-- Records shown follows --

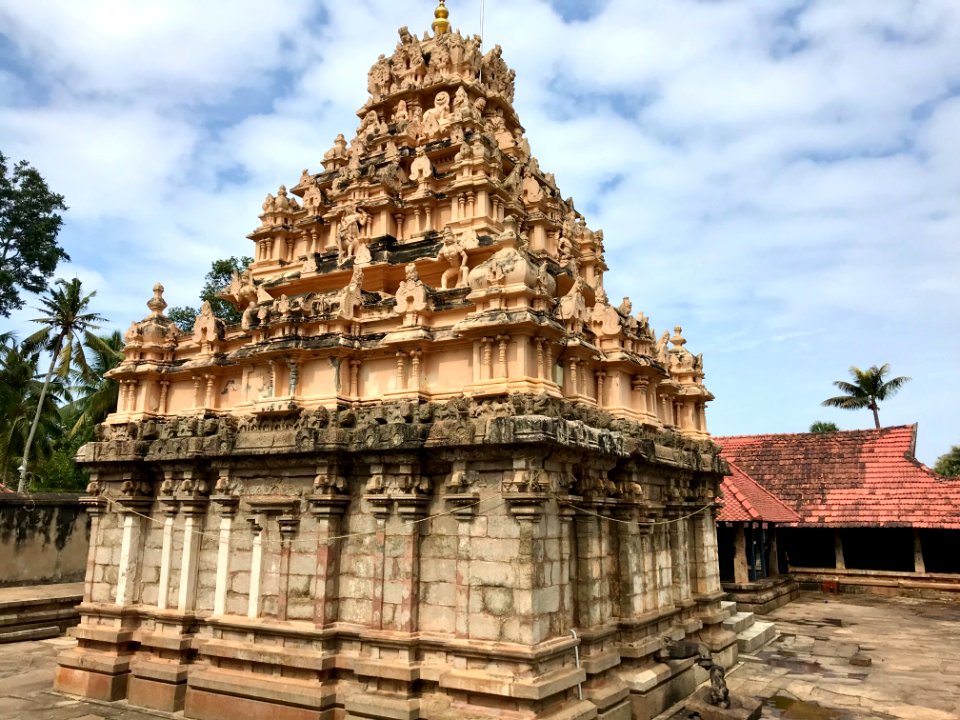 Parthasarathy Temple, Parthivapuram. Kanyakumari, Tamil Nadu - 2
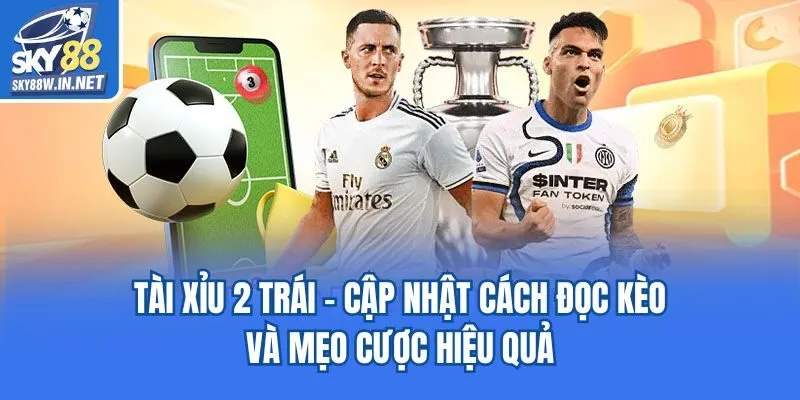 Tài Xỉu 2 Trái - Cập Nhật Cách Đọc Kèo Và Mẹo Cược Hiệu Quả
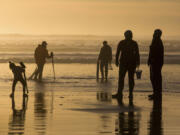 FILE - Visitors look for clams to dig along the beach at Fort Stevens State Park, Feb. 9, 2016, in Warrenton, Ore. Oregon authorities closed the state&#039;s entire coastline Thursday, May 30, 2024, to mussel harvesting in response to an &ldquo;unprecedented&rdquo; outbreak of shellfish poisoning that has sickened at least 20 people. They&#039;ve also closed parts of the Oregon coast to harvesting razor clams, bay clams and oysters.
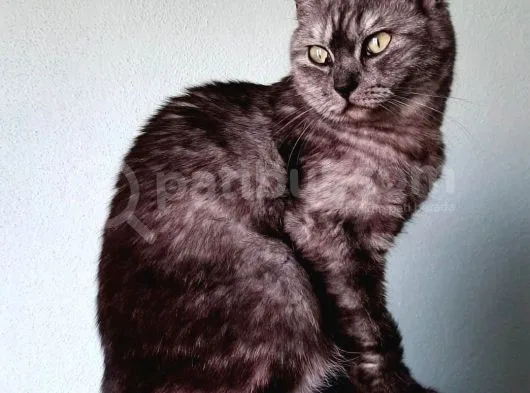 Uygun Doğum Tecrübeli Smoke Tabby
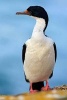 Imperial Shag (Phalacrocorax Atriceps) Bird Journal - 150 Page Lined Notebook/Diary (Paperback) - Cool Image Photo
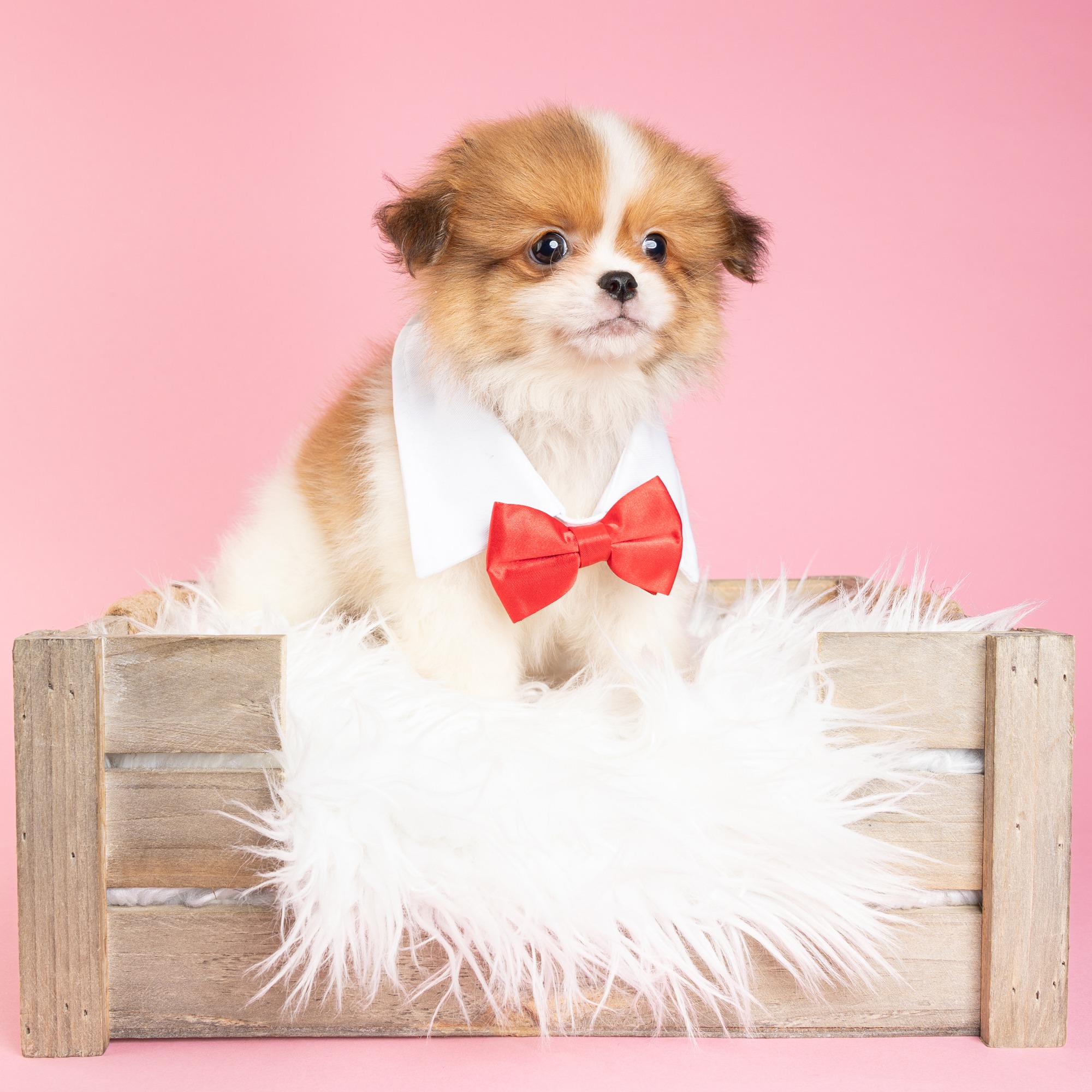 Dudley the Shihpom puppy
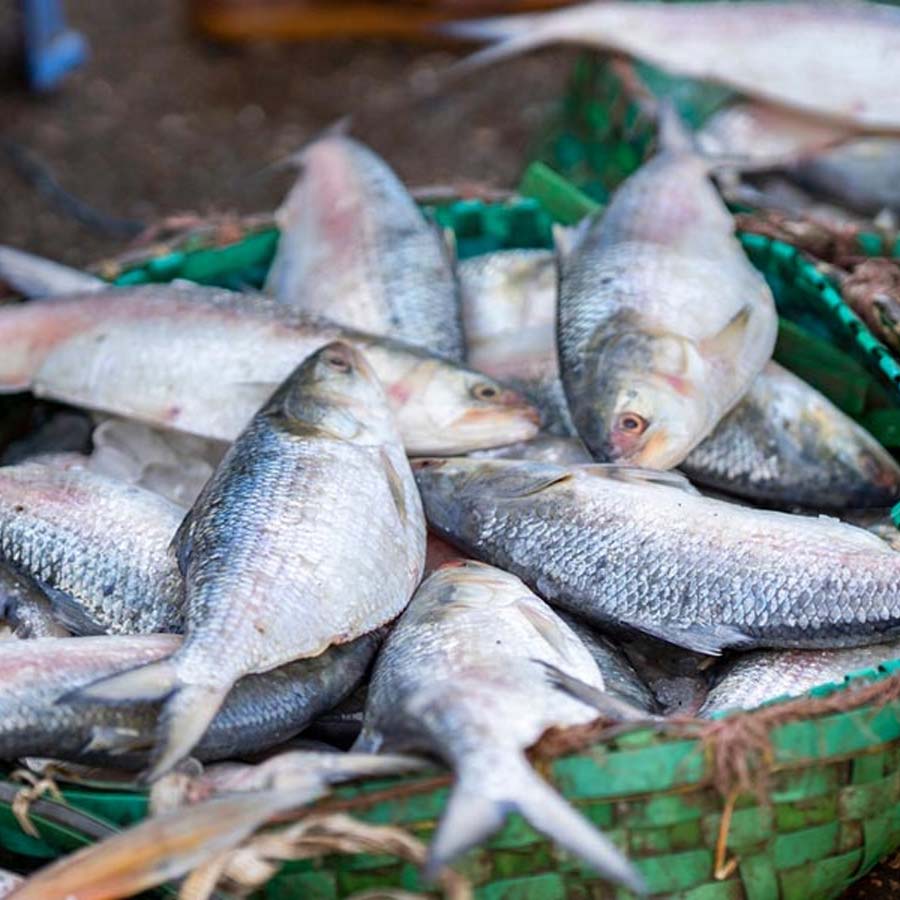 Padma hilsa now available in retail markets of Kolkata and Howrah dgtld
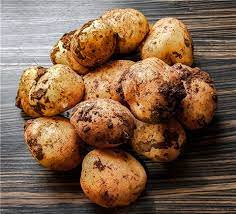 Cyprus Potato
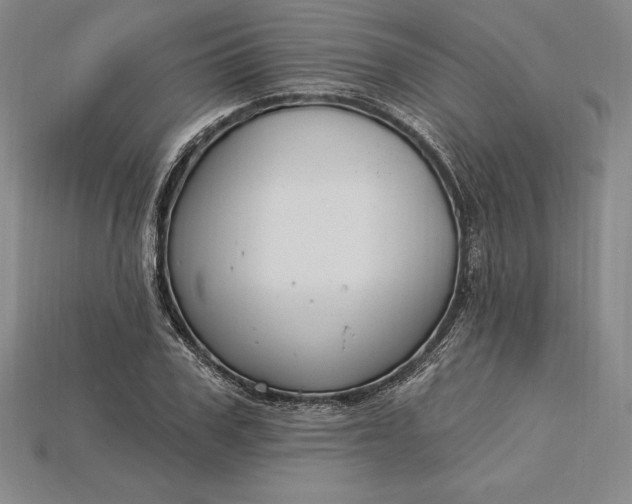 X0000115200979200911121838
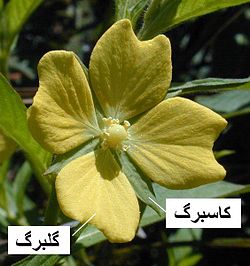 گلبرگ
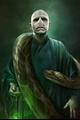 História: Lord Voldemort e a nivahssi secreta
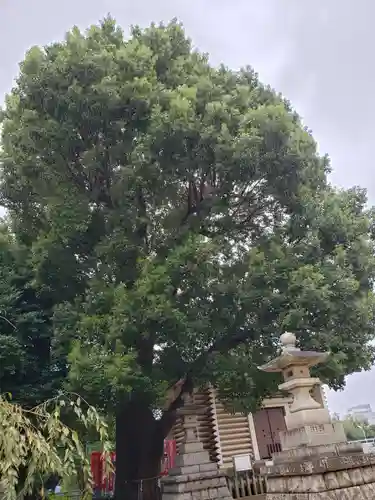 諏訪神社の自然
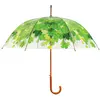 Image de Parapluie Transparent Feuilles de Printemps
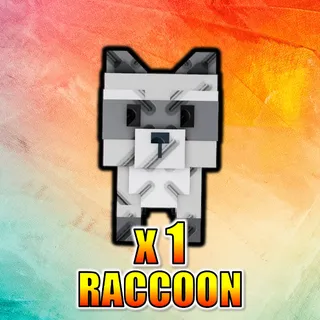 Raccoon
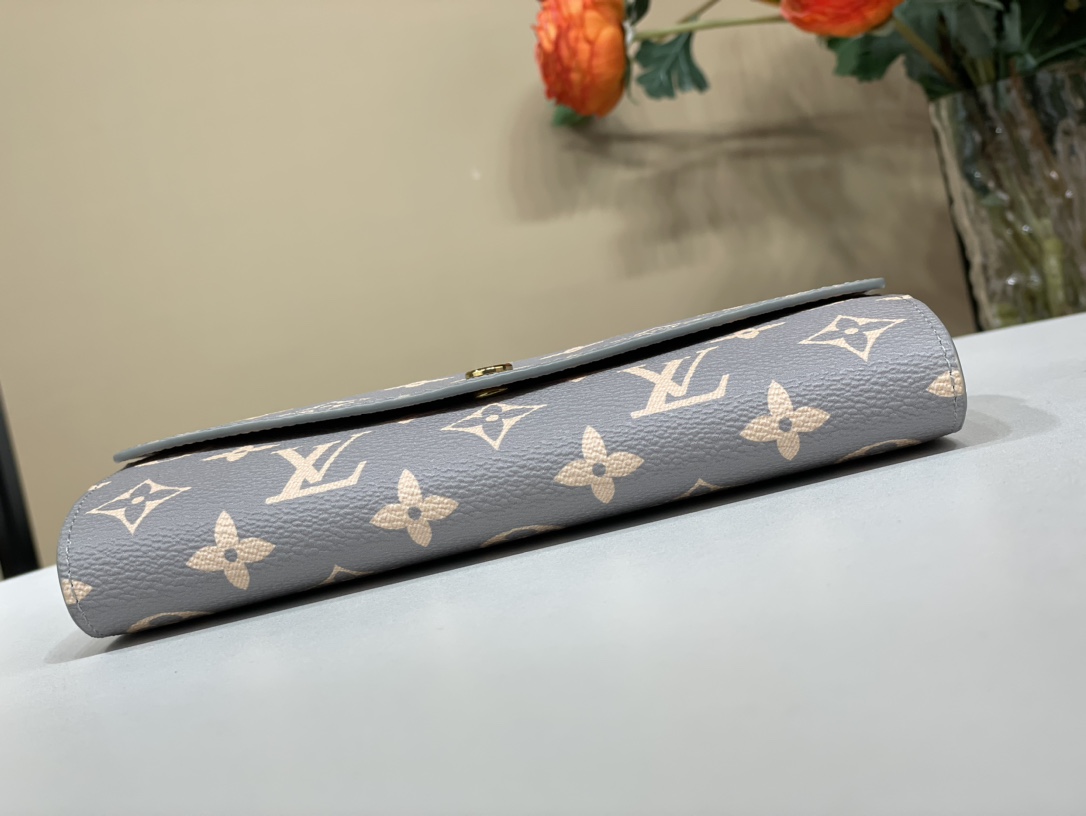 Louis Vuitton wallet (M60531)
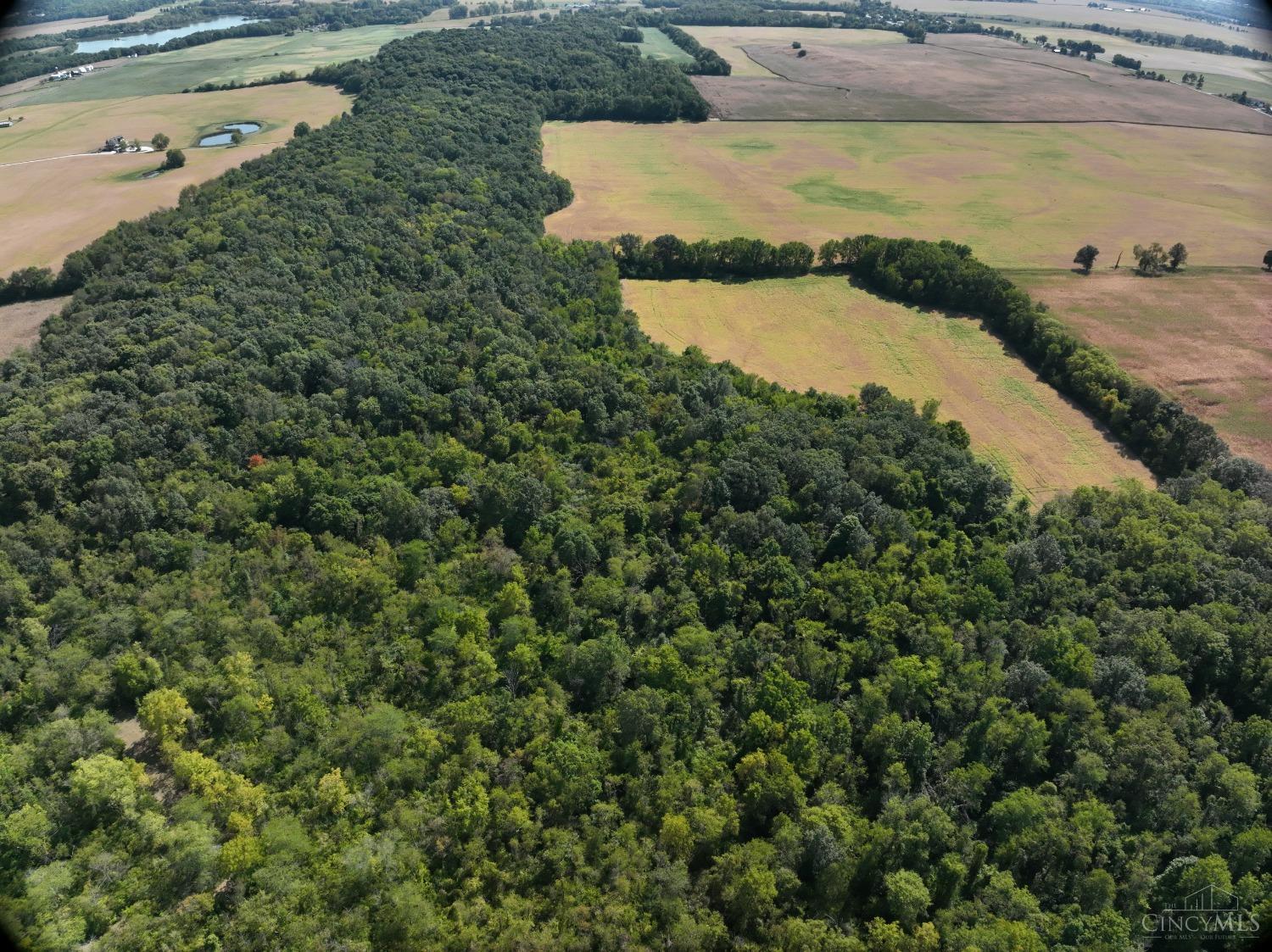 Mahar Road, South Vienna, Ohio image 21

-- Records shown concluded --

_Try it_
Leaving the pictures out, set down all of the data again exactly.

_Exercise result_
 Parthasarathy Temple, Parthivapuram. Kanyakumari, Tamil Nadu - 2
 Tài Xỉu 2 Trái - Cập Nhật Cách Đọc Kèo Và Mẹo Cược Hiệu Quả
 FILE - Visitors look for clams to dig along the beach at Fort Stevens State Park, Feb. 9, 2016, in Warrenton, Ore. Oregon authorities closed the state&#039;s entire coastline Thursday, May 30, 2024, to mussel harvesting in response to an &ldquo;unprecedented&rdquo; outbreak of shellfish poisoning that has sickened at least 20 people. They&#039;ve also closed parts of the Oregon coast to harvesting razor clams, bay clams and oysters.
 Uygun Doğum Tecrübeli Smoke Tabby
 Imperial Shag (Phalacrocorax Atriceps) Bird Journal - 150 Page Lined Notebook/Diary (Paperback) - Cool Image Photo
 Dudley the Shihpom puppy
 Padma hilsa now available in retail markets of Kolkata and Howrah dgtld
 Cyprus Potato
 X0000115200979200911121838
 گلبرگ
 História: Lord Voldemort e a nivahssi secreta
 諏訪神社の自然
 Image de Parapluie Transparent Feuilles de Printemps
 Raccoon
 Louis Vuitton wallet (M60531)
 Mahar Road, South Vienna, Ohio image 21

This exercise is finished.